Chapter 3 Indoor radon
Create a simulated dataset of indoor radon concentration with 3/4 geogenic factors (e.g. bedrock geology, aquifers - karst/No-karst, uranium in topsoil) and as spatial autocorrelation of the residuals, …
3.1 Administrative divisions
I got Lithuania from www.gadm.org, but you may download the administrative areas of other countries
Country <- readRDS(url("https://biogeo.ucdavis.edu/data/gadm3.6/Rsf/gadm36_LTU_0_sf.rds"))
County <- readRDS(url("https://biogeo.ucdavis.edu/data/gadm3.6/Rsf/gadm36_LTU_1_sf.rds"))

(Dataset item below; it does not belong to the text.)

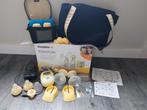 Medela freestyle elektrische dubbele borstkolf, Kinderen en Baby's, Babyvoeding en Toebehoren, Ophalen of Verzenden, Zo goed als nieuw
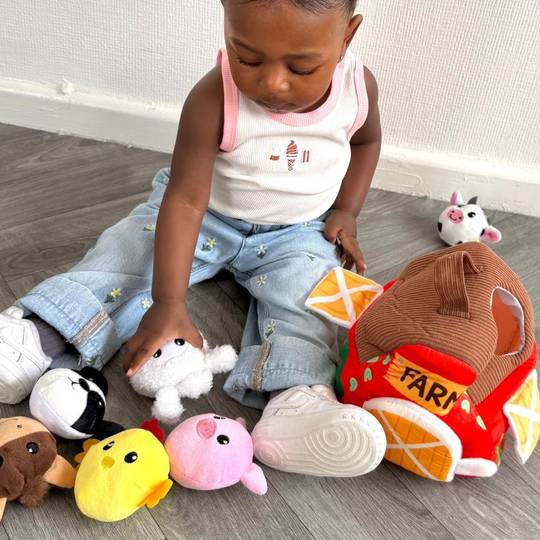 Children's Plush Farmyard & Friends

Muni <- readRDS(url("https://biogeo.ucdavis.edu/data/gadm3.6/Rsf/gadm36_LTU_2_sf.rds"))3.2 Grids 10 x 10 km
Download from https://www.eea.europa.eu/data-and-maps/data/eea-reference-grids-2
EEA_Ref_grid_URL <- "https://www.eea.europa.eu/data-and-maps/data/eea-reference-grids-2/gis-files/lithuania-shapefile/at_download/file.zip"
temp <- tempfile()
temp2 <- tempfile()
download.file(EEA_Ref_grid_URL, temp)
unzip(zipfile = temp, exdir = temp2)
Grids_10km <- read_sf(file.path(temp2, "lt_10km.shp"))
unlink(c(temp, temp2))
Grids_10km$Id <- seq(1, length(Grids_10km$CELLCODE), 1) # Add new column with "Id"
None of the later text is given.